Baltimore Ravens

Change of cities turns villain Modell into hero

Art Modell left Cleveland yesterday being called a thief in the night.

He arrived in Baltimore to chants of "Art, Art, Art."

It was a day of mixed emotions for the Cleveland Browns owner, who announced he's moving the team to Baltimore after spending 35 years in Cleveland.

"It was an agonizing moment. Terrible. I didn't want to dance on the grave of the people in Cleveland," Mr. Modell said in an interview after his news conference.

"Still, I was re-enforced by the reception I got [in Baltimore]. At the luncheon [afterward], the business and political people were genuine in their welcome, which I'm really grateful for. They really opened up their hearts to us."

He said the vilification he's getting in Cleveland isn't fair.

"I hear they're saying I'm like a thief in the night," Mr.

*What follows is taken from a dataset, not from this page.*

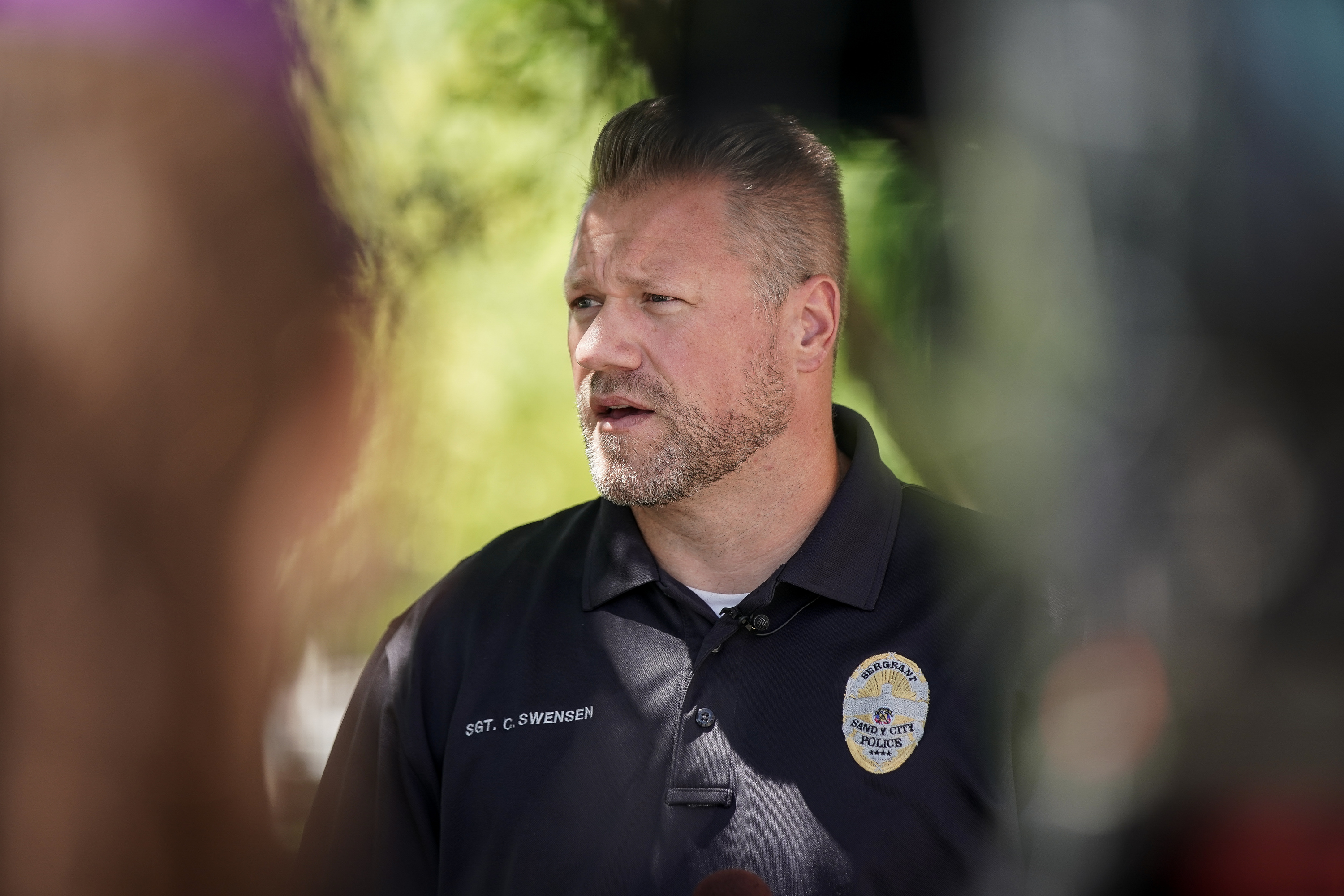 Sandy Police Sgt. Clayton Swensen talks to the media outside the Sandy police department in on Thursday, July 23, 2020.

Modell said. "My gosh, they've had six years to do something. They spent $650 million for a baseball park, a basketball arena and a rock and roll museum and a science museum, and all I wanted to do is get inside plumbing.

"It's very tough. I don't want to read the papers. I don't want anyone to tell me what's in the papers. But it's vicious, and their anger is directed at the wrong person. It should be at their community leaders, the business and government leaders.

"But I'm an easy scapegoat."

Mr. Modell has been criticized in Cleveland for not saying publicly what he needed to stay, but said he'd been telling the city since 1989 that he had problems with Cleveland Stadium.

(Cleveland Mayor Michael R. White said yesterday that Mr. Modell first presented the city a renovation plan in December 1994.)

"We sent them volumes and volumes of information that the league has assembled about what other teams are getting," Mr. Modell said. "That should have been enough of a guideline. They haven't matched anything."

He said things got worse when the baseball stadium and basketball arena were built.

"A big promise was made. They said, 'Look, we're taking care of Gateway [baseball and basketball]. You're next. You'll be taken care of.' Right.

"I kept asking. I kept waiting. Three suits went out of style, and I'm still waiting," he said.

Whether it was a new stadium or a refurbished one, Mr. Modell said he needed a stadium with what he called "revenue streams."

"Revenue is the name of the game. I couldn't make it otherwise. I couldn't make it here without revenues. That's what happening in our league. Our league has changed considerably," he said.

When asked why he made the move this year and not last year, Mr. Modell said the problem was the continued salary escalation.

"There's been enormous, enormous salary and bonuses to players. Our player costs have spiraled. The salary cap is not working. When [Dallas Cowboys owner] Jerry Jones has to sign Deion Sanders, he just opens up his checkbook. When I signed Andre Rison, I had to scrounge around looking for a bank to loan me the money," he said.

Mr. Modell also said he did a lot for Cleveland.

"I gave them my life there, 35 years," he said. "I put more than I should have into that community, more than most people. More than 99 percent of the people. I saved the Cleveland Indians from going to New Orleans. I got Steve O'Neill to buy it to keep the Indians in town."

Mr. Modell also said he came to Baltimore without getting any guarantees or upfront money.

"I don't get one nickel out of the PSLs [permanent seat licenses]," he said. Funds from seat licenses can cover only expenses related to the Browns' move.

Asked why he didn't demand guarantees, Mr. Modell said: "Because I have confidence in my product, my ability to market our product. We've done it for years in Cleveland. We'll do it here and then some."

Mr. Modell is buying out former minority partner Bob Gries, but he said it's on a 10-year payout starting in 1997. He said there's no bank involved. He declined to say how much he paid Mr. Gries.

Mr. Modell said he isn't immediately cutting his ties to Cleveland.

"We're not selling our home. We're going to come down here. We're gong to establish residence here. Let's see what plays out in the next couple of years, although eventually, we will [sell]. We can't keep two homes," he said.

He added: "We're anxiously awaiting to settle down here. I've told the governor and mayor we'll become citizens of Baltimore."